You can also get #20 grit silica blasting sand, as it is the same thing, although usually a little cheaper. The specification for sand filters for pools, calls for #20 grit sharp sand. As long as it is made of material that doesn't dissolve in water and is inert, it can be any type of stone. Typically, PFS is silica sand. The hazard with silica sand is breathing the extremely fine invisible dust. Once the dust is washed out, there isn't any hazard as the silica sand is inert, which is why it is used. the PFS and Aquarium sand made by RED Flint, appear to be the exact same product, but it isn't white, as an example. http://www.redflint.com/aquarium_sand.htm and http://www.redflint.com/pool_filtration_sand.htm.


----------



## walzon1 (Jun 17, 2013)

That's what I use, and haven't had any major problems so far. I use quickrete all-purpose sand , though, not the industrial not sure what the difference would be, at 1.50 a 50lb bag can't complain.

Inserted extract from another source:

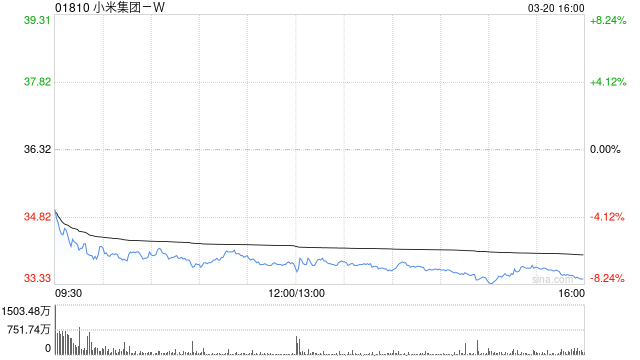 高盛:小米集团-W新款SU7开售首34分钟订单达1.5万张 评级“买入” 第1张 高盛:小米集团-W新款SU7开售首34分钟订单达1.5万张 评级“买入” 第1张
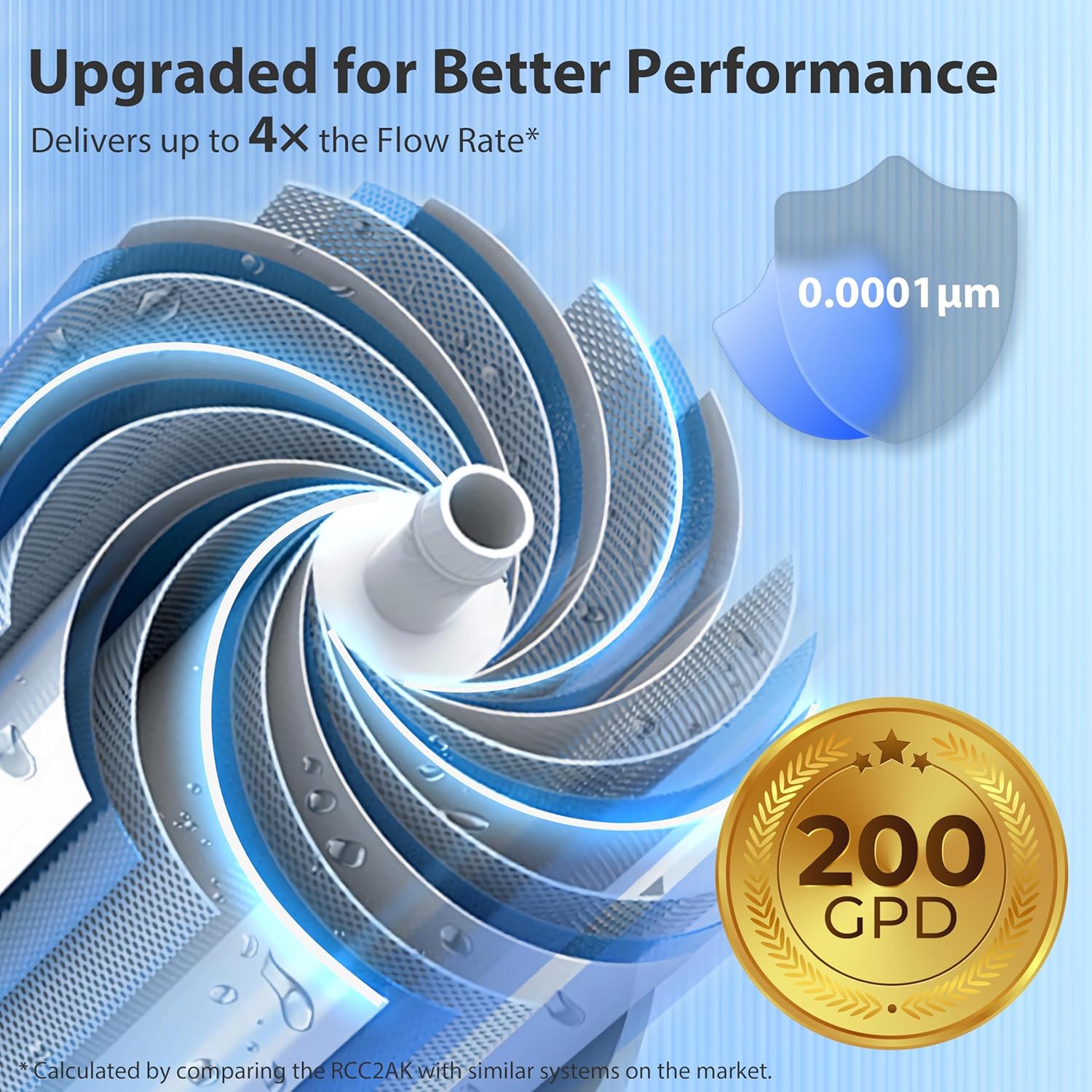 iSpring RCC2, Upgraded 200 GPD Capacity, 5-Stage Under Sink Reverse Osmosis Water Filter System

The only issue is the sand was kind of sharp and did some damage to the fish during heavy digging but they healed up just fine.


----------



## matt duarte (Aug 29, 2013)

*** called pool supply places my bro inlaw and his pops own one and they don't carry it.. searched pool filter sand at lowes and got nothing but when I searched silica sand and that's what it came up with so I was thinkin they were the same thing.. still deciding if I want to go with a sand or a small gravel.. I put play sand in my 10 gal to see how I like a sandy bottom b4 I put it in a bigger tank and I do like how it looks.. today is tank cleaning day so im gonna see how that goes... was thinkin of crushed coral to since I can vacuum it like reg gravel.. but I know the cichlids would be happier with a type of sand.. since as soon as I put the sand in the lil 10 gal the baby convict that is in there temporarily is loving it.. just called leslies pool supply as I was typing since I forgot their was one in my area and they do have pfs for 9.99 for a 50lb bag so maybe ill go check that out.. thanks guys


----------



## matt duarte (Aug 29, 2013)

also all u guys with sand in ur tanks.. do u run wave makers? would seem with sand that it would just get blown all over the place..


----------



## DJRansome (Oct 29, 2005)

I don't use power heads...but if your sand is not too fine it should be OK.


----------



## matt duarte (Aug 29, 2013)

right on you just use the spray bar to get the water movement?


----------



## smitty814 (Sep 27, 2012)

I use a circulation pump. The pfs will, if the pump is pointed down, relocate. I say relocate because it doesn't "mostly" fly around but rolls because it won't stay suspended.


----------



## DJRansome (Oct 29, 2005)

Not even a spraybar. Just the water return, but I have 7X of more in my tanks and 2 canisters on each.


----------



## Graffiti (Aug 17, 2013)

Matt are you looking for pool filter sand for a substrate? I got mine made by quickcrete at homedepot and I live in Missouri, I'm very surprised they don't sell it in California where pools and warm weather is common, I found it in the outside lawn and garden area by pavers and landscaping stones. Not sure why your specifically looking for silica sand unless that's another name for PFS. Don't ask the workers at homedepot or lowes from my experience they know nothing about what there store carries and offer no help at all, you'll just have to find it yourself they sell it in 50lbs bags, I'd call around If nothing else because the Home Depot 2 miles from my house doesn't carry it but the one 10 miles away does. It's super cheap too!


----------



## matt duarte (Aug 29, 2013)

I ended up going and buying some aragonite lol.. kinda wanted something I could vac without worry about it going up the tube all the time.. and ill proly put play sand in the 40gallon and aragonite in the 60 since I bought more then I needed for the 55 gallon.. the lowes and HD sells quikcrete silica sand but nothing labeled pool filter sand.. and I think PFS is pretty much silica sand.. but I just don't like the fact if u breath it in its bad.. I work with glass for a living and know the dangers of breathing in silica.. and aragonite pretty much looks like sand its not like powder but it still looks real good


----------